Scavando nei fatti, tra le righe di ciò che Sudafrica e Nigeria rappresentano, va segnalato che non sono solo, questo è quello che Trump lascia intendere, il punto di partenza di altre due guerre: i due Paesi sono tra i maggiori produttori di greggio ed entrambi fanno parte dei Brics. Il primo è tra i fondatori, il secondo è invece in uno status vicino all’adesione completa alla cordata dei Paesi amici di Russia, India, Cina e Brasile. Anche Caracas ne ha richiesto l’adesione, ma per il momento è in un limbo burocratico per il veto imposto dal presidente brasiliano Lula. Il Venezuela si è quindi rivolto all’alleato russo (che con la Cina aggira l’embargo sul greggio?) che ha minacciato di inviare gli ipermissili a Maduro.
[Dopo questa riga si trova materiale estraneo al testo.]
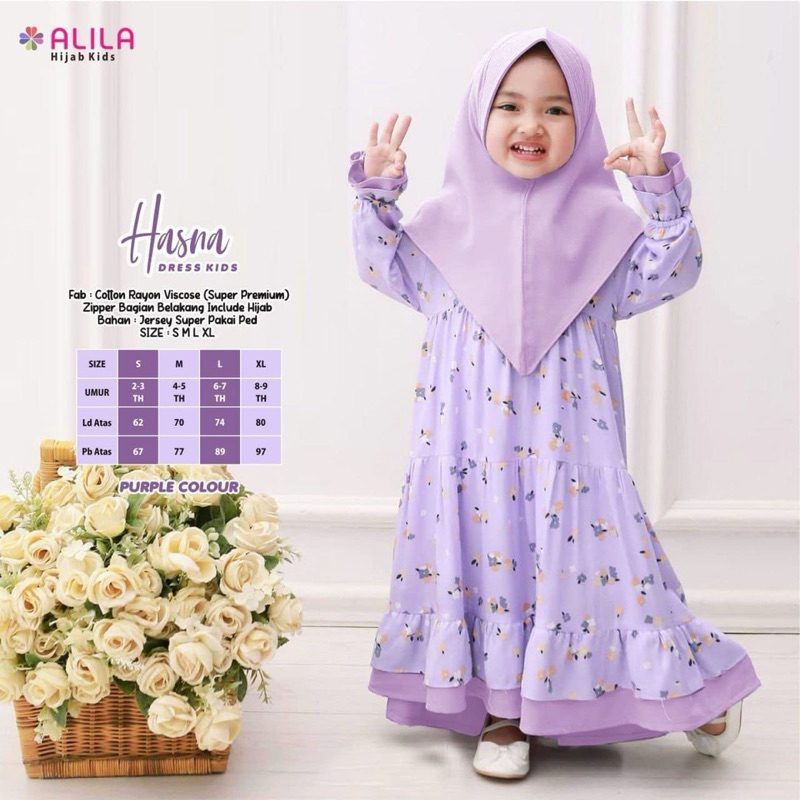 HASNA DRESS ANAK GAMIS SET HIJAB - ALILA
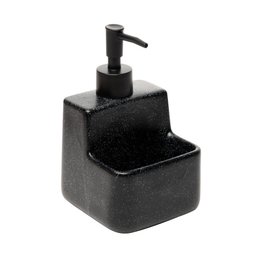 Porta Detergente Líquido C/ Suporte para Esponja Preto 360ml - 1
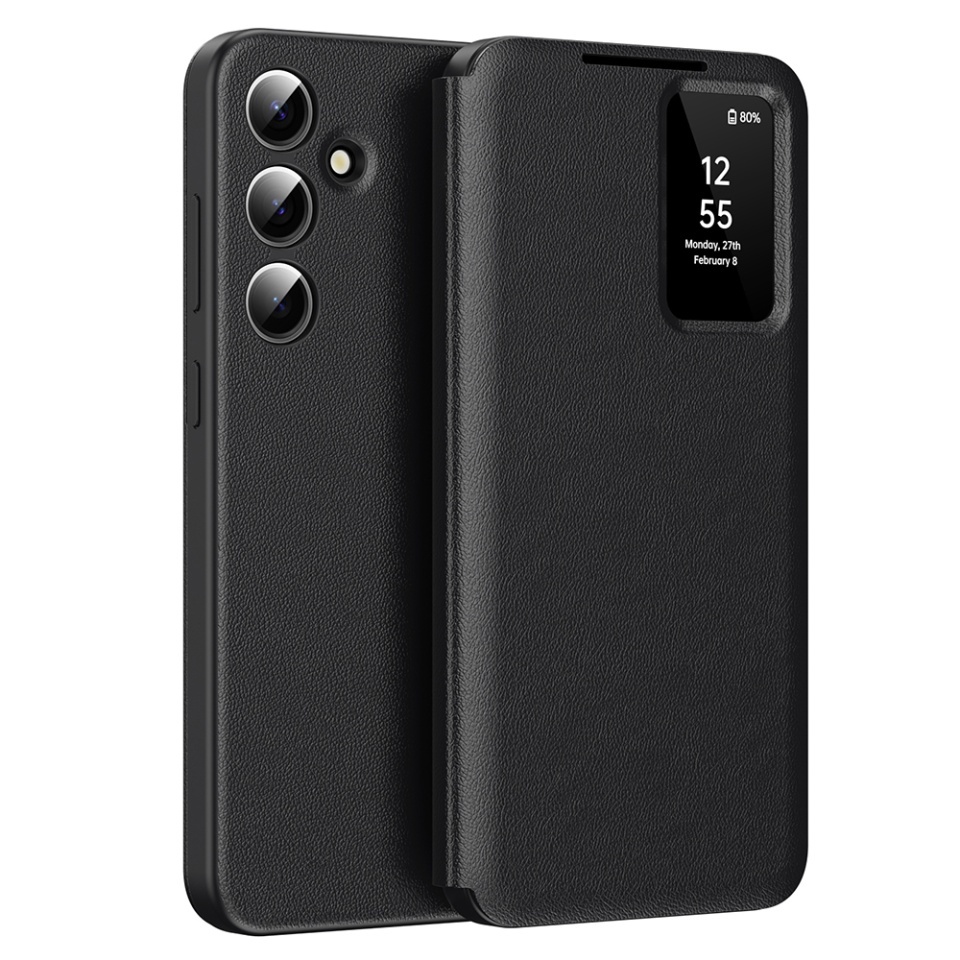 Husa pentru Samsung Galaxy S25 Plus tip carte, Skyddar, cu portofel si SmartView, Premium, set cu sticker, Negru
La Nigeria, per tornare alla narrativa africana “made in Usa”, fino a tre anni fa, era tra i Paesi ai primi posti della triste classifica delle persecuzioni. Ora, per le varie associazioni che si occupano delle persecuzioni contro i cristiani, dietro a Corea del Nord, Somalia, Sierra Leone, Pakistan e Siria con azioni residuali di Boko Haram (da due anni frammentato in gruppi più dediti alla criminalità organizzata che al jihadismo) e circoscritti alla Provincia dell’Africa Occidentale dello Stato Islamico. Le cifre che riguardano il Paese sono di gran lunga inferiori a quelle degli scontri interetnici che solamente lo stesso regime di Abuja etichetta come “religiosi”. E mai però pari a una percentuale del 75 per cento di quelle in tutto il resto del mondo come ha riferito l’altro giorno il capo della Casa Bianca.
Si potrebbe ancora andare avanti ricordando che gli Usa in Venezuela, invece, vogliono fermare la produzione e l’esportazione di Fentanyl (con l’affondamento, per ora, quasi quotidiano solo delle imbarcazioni dei narcos che trasportano invece cocaina) quando nel Paese non se ne produce una sola pasticca, rispetto a Cina e Canada che invadono il mercato americano con l’oppioide. O, questo è lo sforzo da fare, analizzare i rapporti di forza tra Brics e Usa nelle aree interessate. Ma l’anno ormai trascorso, tra l’elezione di Trump del 5 novembre e oggi, forse non basterebbe.